L’articolo 3 del Decreto Legge n. 119/2018 ha introdotto la Definizione agevolata dei carichi affidati all’Agente della riscossione (cosiddetta “Rottamazione-ter”), in favore di tutti coloro che hanno uno o più debiti con Agenzia delle entrate-Riscossione dal 1° gennaio 2000 al 31 dicembre 2017. La Definizione agevolata prevede la possibilità estinguere i debiti iscritti a ruolo contenuti nelle cartelle di pagamento, versando le somme dovute senza corrispondere le sanzioni e gli interessi di mora. Per le multe stradali non si pagano gli interessi di mora e le maggiorazioni previste dalla legge.

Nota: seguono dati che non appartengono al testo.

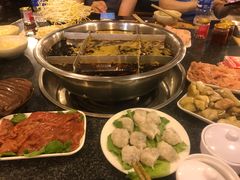 -邓莽子老火锅(中兴路总店)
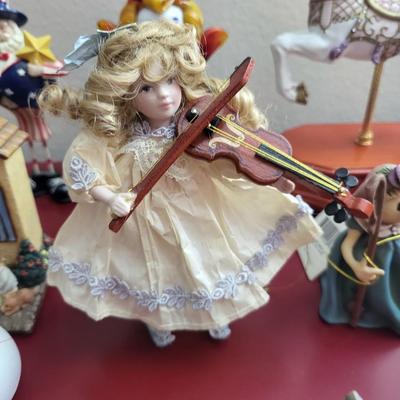 32 Collectable Lot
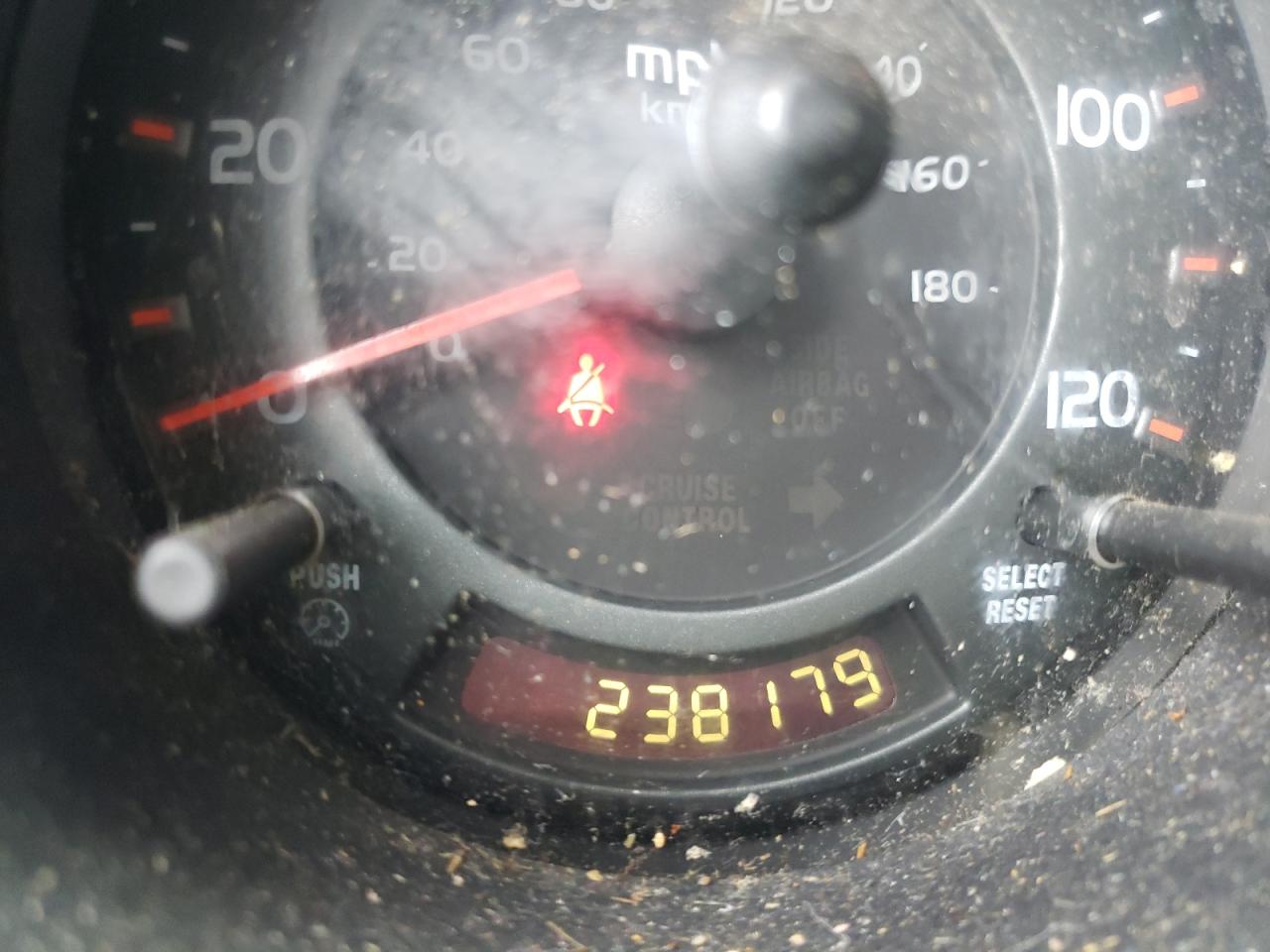 Photo 8 from auction – 2005 HONDA ELEMENT with VIN 5J6YH18375L012808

Sono da aggiungere a quanto dovuto le somme maturate a favore dell’Agente della riscossione a titolo di aggiospese per procedure esecutive e diritti di notifica. Slitta al 31 luglio il termine ultimo per pagare le rate del 2020 e non perdere i benefici della “Rottamazione-ter”; per quelle del 2021 c’è tempo fino al 30 novembre.

Saldo e stralcio: cos’è e prossime scadenze

La Legge n. 145/2018 ha introdotto il “Saldo e stralcio” delle cartelle, ossia una riduzione delle somme dovute, per i contribuenti in grave e comprovata difficoltà economica. Il “Saldo e stralcio” riguarda solo le persone fisiche ed è riferito esclusivamente ad alcune tipologie di debiti  affidati all’Agente della riscossione dal 1° gennaio 2000 al 31 dicembre 2017.
La misura agevolativa, oltre alla riduzione degli importi dovuti, prevede anche l’azzeramento di sanzioni e interessi di mora.

Nel dettaglio lo strumento “Saldo e stralcio” riguarda esclusivamente le persone fisiche che versano in una grave e comprovata situazione di difficoltà economica:

  • quando il valore ISEE riferito al proprio nucleo familiare non supera 20 mila euro;
  • quando alla data di presentazione della dichiarazione di adesione, risulta già presentata la procedura di liquidazione di cui all’art. 14-ter della legge del 27/1/2012, n. 3.

Slitta al 31 luglio il termine ultimo per pagare le rate del 2020 e non perdere i benefici del “Saldo e stralcio”; per quelle del 2021 c’è tempo fino al 30 novembre.

Stralcio dei debiti fino a 5mila euro

Nel novero degli strumenti a disposizione dei contribuenti per fare pace con il Fisco, occorre menzionare anche lo stralcio dei debiti fino a 5mila euro. Nel dettaglio sono annullati i debiti, risultanti dai singoli carichi affidati all’Agente della riscossione dal 1° gennaio 2000 al 31 dicembre 2010, che, alla data di entrata in vigore del “Decreto Sostegni”, hanno importo residuo fino a 5 mila euro (comprensivi di capitale, interessi per ritardata iscrizione a ruolo e sanzioni).

Tra i debiti oggetto dello “Stralcio” sono compresi anche quelli eventualmente presenti nei piani di pagamento della “Rottamazione-ter” di cui all’art. 3 DL n. 119/2018, all’art. 16-bis del DL n. 34/2019 e all’art. 1, commi da 184 a 198, della legge n. 145/2018.

I beneficiari dello “Stralcio” sono:

  • le persone fisiche che hanno percepito, nell’anno d’imposta 2019, un reddito imponibile fino a 30 mila euro;
  • soggetti diversi dalle persone fisiche che hanno percepito, nel periodo d’imposta in corso alla data del 31 dicembre 2019, un reddito imponibile fino a 30 mila euro.